Police and Mental Patients

“Unit 29, you’ve got a streaker at the Holiday Inn Restaurant,” the voice crackled over the police radio in my squad car. “I’m out,” I responded, since I was already turning into the parking lot for my morning coffee break.

It was Easter Sunday, 1975. The Holiday Inn Restaurant was one of the more popular breakfast restaurants in town. In my mind, I pictured all the church ladies fresh from sunrise services wearing their fine Easter bonnets as a naked man ran streaking through the restaurant. They must have been shocked!

As soon as I burst into the lobby, I was met by a bevy of excited ladies just as I had imagined them, frantically pointing down the hall toward the back of the hotel. “Room 238!” one of them shouted at me.

I ran back out to my squad car and raced around to the back of the spread out hotel. Entering through the back door, I saw him halfway down the hall. A naked middle-aged man was standing calmly facing a door and pressing on the door frame with his right thumb.

As I approached, he turned and said to me, “This elevator is slow.” Then he looked up above the door, as if to check the elevator floor indicator. He was standing in front of the janitor’s supply closet.

“Room 238?” I asked. “That’s right,” he replied. I told him, “It’s down this way. Follow me,” and I turned to head back out to the squad car, careful to keep an eye on him. He obediently followed.

Just before we got to the exit door, he stopped and said, “No, I think it’s back this way.” I turned to face him and said, “Just for the record, you are under arrest for disorderly conduct.”
He puffed up like an blowfish. “You can’t arrest me! I’m the President of the United States!” He clearly believed what he was saying.

This was no ordinary streaker. I leaned closer to him and whispered, “I know, Mr. President. I have the presidential limousine outside waiting for you.”

“Quite right!” he said, responding to being called “Mr. President” by standing tall and proud.

He followed me out to the squad car and started to get in. I stopped him and said, “Mr. President, don’t forget the Presidential Bracelets.” He looked at the handcuffs I had and dutifully held his wrists out to be cuffed.

As we drove to the police station for book in, he explained that some communist spies had drugged him that morning and caused him to take off his clothes. When we got to the jail, I led him to a cell. As I closed the door behind him, he realized that I was one of the communist spies. Until that point, he had been totally compliant and peaceful. The closing of the cell door set him off. But by then, he was safely locked in a cell.

Meanwhile, the manager of the Ramada Inn next to the Holiday Inn had phoned to report finding a pile of clothes in a hallway. An officer was bringing them to the station. Sure enough, it was the President’s clothes with his wallet and identification in a pants pocket. In the wallet, I also found the business card of a psychiatrist in a neighboring state.

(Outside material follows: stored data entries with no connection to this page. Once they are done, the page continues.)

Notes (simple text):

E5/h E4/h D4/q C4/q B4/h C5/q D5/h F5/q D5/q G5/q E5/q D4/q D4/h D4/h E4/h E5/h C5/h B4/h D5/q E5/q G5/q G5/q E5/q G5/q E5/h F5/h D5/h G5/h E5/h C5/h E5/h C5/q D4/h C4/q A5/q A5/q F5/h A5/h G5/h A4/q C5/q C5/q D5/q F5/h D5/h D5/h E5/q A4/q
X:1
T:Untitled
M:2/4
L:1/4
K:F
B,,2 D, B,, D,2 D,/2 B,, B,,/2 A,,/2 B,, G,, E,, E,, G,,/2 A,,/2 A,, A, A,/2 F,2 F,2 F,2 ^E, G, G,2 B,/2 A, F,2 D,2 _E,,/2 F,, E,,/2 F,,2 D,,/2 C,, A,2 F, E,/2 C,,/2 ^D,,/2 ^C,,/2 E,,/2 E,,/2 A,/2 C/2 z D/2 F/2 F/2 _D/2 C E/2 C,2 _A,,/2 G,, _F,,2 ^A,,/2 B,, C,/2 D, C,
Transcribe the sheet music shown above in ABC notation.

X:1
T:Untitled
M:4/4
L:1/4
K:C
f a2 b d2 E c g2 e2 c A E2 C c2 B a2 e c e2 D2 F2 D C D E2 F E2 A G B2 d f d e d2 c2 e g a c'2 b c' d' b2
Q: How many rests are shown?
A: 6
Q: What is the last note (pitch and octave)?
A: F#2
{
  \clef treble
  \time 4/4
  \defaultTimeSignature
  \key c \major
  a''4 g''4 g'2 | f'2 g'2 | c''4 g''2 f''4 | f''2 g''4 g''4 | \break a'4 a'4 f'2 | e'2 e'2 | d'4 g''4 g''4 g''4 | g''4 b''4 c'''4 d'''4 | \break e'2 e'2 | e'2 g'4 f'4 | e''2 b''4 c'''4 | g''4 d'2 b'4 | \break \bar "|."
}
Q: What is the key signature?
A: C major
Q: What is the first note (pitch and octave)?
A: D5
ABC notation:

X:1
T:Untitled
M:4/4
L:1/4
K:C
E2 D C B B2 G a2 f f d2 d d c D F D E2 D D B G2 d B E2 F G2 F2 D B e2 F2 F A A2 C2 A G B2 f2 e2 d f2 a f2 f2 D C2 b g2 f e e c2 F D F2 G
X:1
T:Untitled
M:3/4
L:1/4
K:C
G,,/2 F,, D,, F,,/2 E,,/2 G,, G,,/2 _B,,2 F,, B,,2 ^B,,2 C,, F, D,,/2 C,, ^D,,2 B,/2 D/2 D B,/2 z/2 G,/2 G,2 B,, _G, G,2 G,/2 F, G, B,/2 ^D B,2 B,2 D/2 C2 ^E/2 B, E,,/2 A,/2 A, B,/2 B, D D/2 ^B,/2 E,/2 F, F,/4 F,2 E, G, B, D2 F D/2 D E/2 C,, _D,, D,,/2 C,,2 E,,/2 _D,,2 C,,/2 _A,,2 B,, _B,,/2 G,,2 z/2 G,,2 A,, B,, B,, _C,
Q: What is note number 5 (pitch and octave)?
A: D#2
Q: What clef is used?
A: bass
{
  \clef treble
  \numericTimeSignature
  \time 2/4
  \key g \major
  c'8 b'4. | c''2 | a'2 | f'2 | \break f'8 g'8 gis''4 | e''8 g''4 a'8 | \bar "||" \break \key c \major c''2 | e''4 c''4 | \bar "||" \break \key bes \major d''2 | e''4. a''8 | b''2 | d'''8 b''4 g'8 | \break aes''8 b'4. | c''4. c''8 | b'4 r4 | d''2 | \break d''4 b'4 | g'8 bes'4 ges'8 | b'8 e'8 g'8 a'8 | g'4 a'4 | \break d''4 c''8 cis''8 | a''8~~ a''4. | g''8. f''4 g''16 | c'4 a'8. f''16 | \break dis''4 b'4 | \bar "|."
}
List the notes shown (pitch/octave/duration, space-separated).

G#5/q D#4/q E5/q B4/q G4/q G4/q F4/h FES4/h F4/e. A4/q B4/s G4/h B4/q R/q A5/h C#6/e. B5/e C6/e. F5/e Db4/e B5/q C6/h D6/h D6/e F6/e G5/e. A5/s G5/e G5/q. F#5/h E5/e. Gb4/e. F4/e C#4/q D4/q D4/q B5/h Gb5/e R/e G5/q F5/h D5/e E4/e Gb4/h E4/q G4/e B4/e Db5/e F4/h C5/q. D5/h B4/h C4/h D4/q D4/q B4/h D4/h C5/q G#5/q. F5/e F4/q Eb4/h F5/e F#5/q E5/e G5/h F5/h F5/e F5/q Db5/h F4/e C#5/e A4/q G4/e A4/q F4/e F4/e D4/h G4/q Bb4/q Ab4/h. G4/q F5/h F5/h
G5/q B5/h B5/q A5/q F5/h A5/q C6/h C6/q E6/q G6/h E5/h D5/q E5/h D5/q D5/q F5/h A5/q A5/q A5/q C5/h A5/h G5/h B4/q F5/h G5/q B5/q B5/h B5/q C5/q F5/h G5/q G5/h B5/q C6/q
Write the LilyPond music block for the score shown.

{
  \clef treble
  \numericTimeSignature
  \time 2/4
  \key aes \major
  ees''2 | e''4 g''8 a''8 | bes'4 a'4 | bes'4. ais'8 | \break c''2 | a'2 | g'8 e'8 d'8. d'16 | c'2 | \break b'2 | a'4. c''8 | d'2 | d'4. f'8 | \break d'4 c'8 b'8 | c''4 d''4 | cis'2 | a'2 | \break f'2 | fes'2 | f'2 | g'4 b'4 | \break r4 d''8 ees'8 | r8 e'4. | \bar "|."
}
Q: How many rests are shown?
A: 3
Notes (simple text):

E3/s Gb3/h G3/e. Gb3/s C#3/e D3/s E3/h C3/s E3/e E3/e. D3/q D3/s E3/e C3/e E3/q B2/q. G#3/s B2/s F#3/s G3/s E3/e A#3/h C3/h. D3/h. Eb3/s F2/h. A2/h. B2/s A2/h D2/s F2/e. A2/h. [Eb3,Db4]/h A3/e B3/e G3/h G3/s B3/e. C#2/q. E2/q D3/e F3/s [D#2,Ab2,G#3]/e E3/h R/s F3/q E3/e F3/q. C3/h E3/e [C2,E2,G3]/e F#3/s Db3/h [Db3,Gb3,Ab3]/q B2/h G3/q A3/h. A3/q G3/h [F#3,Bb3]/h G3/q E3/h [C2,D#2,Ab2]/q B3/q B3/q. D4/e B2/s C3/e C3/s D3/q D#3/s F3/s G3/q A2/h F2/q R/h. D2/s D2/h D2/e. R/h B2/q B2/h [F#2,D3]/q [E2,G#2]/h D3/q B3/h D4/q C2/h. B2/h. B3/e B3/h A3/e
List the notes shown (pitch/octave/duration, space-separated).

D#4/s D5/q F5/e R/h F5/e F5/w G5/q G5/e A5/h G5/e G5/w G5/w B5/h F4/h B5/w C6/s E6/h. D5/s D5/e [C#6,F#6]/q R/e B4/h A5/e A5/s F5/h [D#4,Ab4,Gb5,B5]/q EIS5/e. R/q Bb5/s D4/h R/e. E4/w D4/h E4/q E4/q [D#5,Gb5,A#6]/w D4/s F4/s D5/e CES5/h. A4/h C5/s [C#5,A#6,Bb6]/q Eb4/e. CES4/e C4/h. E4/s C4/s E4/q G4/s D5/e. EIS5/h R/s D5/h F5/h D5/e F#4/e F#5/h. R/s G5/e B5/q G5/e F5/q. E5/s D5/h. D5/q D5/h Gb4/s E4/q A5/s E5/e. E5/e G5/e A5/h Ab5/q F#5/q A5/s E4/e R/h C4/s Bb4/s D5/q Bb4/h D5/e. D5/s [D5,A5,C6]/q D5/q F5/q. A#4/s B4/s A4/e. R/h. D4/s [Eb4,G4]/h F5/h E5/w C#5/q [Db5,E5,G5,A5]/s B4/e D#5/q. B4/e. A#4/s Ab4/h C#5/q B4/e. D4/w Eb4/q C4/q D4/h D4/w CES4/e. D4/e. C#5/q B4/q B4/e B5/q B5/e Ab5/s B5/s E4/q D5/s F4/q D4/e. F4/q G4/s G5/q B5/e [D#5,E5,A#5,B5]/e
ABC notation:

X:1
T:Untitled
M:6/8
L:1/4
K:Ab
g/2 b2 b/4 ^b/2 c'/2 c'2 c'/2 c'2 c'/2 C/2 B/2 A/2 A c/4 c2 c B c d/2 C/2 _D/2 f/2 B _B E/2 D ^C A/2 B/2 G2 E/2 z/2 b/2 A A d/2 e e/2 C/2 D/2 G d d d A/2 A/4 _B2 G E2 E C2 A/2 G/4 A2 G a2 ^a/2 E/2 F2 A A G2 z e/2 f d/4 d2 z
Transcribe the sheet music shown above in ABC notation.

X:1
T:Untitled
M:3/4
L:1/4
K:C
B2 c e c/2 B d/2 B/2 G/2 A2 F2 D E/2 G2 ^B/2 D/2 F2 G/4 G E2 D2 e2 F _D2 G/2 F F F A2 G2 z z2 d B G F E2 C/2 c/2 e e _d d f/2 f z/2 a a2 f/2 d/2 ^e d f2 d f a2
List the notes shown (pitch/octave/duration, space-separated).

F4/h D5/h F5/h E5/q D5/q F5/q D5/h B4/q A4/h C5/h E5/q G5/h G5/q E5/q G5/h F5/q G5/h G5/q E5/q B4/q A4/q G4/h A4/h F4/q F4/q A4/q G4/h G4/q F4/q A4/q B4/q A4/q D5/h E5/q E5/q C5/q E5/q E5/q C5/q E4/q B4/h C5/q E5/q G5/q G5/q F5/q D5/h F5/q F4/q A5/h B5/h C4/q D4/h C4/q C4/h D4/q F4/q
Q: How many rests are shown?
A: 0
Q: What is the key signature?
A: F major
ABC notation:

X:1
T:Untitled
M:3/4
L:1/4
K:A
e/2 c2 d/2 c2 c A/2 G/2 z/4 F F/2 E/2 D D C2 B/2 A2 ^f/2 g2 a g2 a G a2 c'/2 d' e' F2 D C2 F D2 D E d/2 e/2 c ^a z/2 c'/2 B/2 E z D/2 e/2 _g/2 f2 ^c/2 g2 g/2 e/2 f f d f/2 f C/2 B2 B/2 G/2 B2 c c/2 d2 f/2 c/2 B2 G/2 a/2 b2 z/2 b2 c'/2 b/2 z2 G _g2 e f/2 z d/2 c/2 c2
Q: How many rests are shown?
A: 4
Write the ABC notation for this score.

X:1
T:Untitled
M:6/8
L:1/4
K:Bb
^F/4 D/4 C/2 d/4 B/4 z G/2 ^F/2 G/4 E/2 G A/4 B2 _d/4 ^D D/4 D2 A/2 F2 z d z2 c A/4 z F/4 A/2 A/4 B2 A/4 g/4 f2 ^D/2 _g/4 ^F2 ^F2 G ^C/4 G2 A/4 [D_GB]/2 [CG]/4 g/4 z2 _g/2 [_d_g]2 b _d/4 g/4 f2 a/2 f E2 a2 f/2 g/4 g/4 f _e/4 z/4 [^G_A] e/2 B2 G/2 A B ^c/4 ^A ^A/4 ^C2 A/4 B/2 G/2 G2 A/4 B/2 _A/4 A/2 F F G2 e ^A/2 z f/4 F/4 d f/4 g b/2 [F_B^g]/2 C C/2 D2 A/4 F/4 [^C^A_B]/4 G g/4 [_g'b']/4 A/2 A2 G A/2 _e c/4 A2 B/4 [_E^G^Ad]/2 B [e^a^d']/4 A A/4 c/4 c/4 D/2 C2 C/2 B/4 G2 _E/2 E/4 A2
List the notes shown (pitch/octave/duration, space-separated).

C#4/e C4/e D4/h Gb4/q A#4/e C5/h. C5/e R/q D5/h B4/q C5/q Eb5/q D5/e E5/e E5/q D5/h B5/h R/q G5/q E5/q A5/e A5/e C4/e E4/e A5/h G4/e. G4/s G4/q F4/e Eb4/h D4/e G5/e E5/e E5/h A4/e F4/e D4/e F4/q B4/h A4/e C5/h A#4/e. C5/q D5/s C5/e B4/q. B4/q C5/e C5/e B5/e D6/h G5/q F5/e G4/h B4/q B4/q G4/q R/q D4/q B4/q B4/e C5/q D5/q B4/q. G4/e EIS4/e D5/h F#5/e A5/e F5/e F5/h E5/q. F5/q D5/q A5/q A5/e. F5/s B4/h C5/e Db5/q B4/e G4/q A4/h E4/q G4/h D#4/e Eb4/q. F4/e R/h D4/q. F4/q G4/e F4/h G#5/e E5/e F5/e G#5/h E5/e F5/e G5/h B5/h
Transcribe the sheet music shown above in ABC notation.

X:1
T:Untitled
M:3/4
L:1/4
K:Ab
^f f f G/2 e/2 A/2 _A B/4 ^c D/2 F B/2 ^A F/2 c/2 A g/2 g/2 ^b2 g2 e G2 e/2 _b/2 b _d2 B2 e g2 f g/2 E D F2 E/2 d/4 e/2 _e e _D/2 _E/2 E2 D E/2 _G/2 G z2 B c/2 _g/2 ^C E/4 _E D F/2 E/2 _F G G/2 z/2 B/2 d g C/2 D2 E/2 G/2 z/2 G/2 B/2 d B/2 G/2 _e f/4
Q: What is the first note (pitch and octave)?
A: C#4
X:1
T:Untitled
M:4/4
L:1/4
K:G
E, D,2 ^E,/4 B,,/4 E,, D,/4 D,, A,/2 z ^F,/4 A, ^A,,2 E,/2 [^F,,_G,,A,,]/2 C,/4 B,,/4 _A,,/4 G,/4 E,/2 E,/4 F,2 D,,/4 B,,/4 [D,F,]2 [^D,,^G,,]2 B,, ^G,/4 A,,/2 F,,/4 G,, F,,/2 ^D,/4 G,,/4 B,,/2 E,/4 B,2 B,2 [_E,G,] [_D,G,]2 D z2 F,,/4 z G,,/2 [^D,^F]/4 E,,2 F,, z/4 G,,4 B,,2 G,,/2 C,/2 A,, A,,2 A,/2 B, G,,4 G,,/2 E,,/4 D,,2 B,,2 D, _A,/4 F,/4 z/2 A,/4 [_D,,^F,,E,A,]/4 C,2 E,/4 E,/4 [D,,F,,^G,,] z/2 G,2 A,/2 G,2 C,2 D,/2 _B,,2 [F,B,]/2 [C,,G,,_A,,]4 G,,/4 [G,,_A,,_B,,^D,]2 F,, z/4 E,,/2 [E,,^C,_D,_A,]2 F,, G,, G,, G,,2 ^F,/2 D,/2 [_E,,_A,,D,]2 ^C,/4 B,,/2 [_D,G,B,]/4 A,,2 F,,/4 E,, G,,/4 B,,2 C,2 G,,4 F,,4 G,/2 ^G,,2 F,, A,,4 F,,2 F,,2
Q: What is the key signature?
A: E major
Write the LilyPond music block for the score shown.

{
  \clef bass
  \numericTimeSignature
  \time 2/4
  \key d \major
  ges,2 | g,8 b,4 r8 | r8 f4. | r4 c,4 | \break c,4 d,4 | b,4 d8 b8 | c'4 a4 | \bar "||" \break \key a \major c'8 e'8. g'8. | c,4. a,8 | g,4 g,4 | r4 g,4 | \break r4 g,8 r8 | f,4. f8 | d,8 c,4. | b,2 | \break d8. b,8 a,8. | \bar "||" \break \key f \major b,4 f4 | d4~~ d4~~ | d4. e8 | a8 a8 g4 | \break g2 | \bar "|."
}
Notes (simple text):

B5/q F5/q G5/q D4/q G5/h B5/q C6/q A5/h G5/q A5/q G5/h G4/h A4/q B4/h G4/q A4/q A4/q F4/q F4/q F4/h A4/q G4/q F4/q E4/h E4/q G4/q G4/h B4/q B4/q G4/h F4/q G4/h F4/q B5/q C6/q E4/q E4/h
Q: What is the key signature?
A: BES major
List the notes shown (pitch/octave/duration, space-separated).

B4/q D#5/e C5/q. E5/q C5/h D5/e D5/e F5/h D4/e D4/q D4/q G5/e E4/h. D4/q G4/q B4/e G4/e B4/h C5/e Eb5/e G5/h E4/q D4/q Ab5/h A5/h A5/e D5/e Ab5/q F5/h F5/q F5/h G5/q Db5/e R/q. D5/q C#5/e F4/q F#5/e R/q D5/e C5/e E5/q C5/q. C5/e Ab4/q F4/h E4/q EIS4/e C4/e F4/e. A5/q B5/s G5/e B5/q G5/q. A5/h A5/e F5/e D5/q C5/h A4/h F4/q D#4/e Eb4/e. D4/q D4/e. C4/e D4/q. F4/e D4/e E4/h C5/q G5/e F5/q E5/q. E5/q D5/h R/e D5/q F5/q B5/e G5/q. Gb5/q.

I phoned the psychiatrist and told him what had happened. He confirmed that The President was his patient. He had been on medication for paranoid schizophrenia for five years, but as is common in such cases, he had begun to think he no longer needed treatment. Once he quit taking his pills, he lapsed into a psychotic episode. If he got back onto his medication, he would recover and resume his former life.

I learned from his psychiatrist that The President was a very successful consulting petroleum geologist based in Houston. I had found other papers with his clothes indicating he was on his way to Midland, Texas, to consult with an oil company. He had stopped in Kerrville where I was a cop to spend the night.

I learned that paranoid schizophrenics are seldom violent unless they feel threatened. Instinctively, I had played the situation correctly and had gained his trust and cooperation.

With the information gained from the psychiatrist, I drew up an affidavit for commitment to the Kerrville State Hospital. (Note to today’s cops: we did not have a legal advisor and had to research and draw up all our own affidavits in those days.) I took the affidavit over to the County Judge first thing Monday morning and got a thirty-day commitment order. Less than 24 hours from the time I took him into custody, he was in the State Hospital getting help.

I have dealt with other paranoid schizophrenics, and I have very dear friends and relatives who are bipolar 1, a condition sometimes confused with paranoid schizophrenia. In my police training in 1973, we got no instruction on mental patients. I was lucky to have had the instinct to adjust to the situation.

But not all cops handle mental patients with compassion. Take, for example, the case of Joshua. “He’s batshit crazy. Just lock him in a cell and ignore him.” That seemed to have been the attitude toward Joshua, a man with schizophrenia jailed in the US less than two years ago. Joshua was allowed to deteriorate unattended in a cell until he died 20 days later. For more information about Joshua and how he died, including CCTV video in his cell, see here:
https://www.indystar.com/story/news/investigations/2023/04/12/death-joshua-mclemore-a-mentally-ill-jackson-county-indiana-jail-inmate-prompts-lawsuit/70075225007/

All police should be trained in how to recognize and handle mental cases and should engage in realistic roll play situations during training to develop the skills to do so. Perhaps then, there would be fewer tragedies involving mental patients.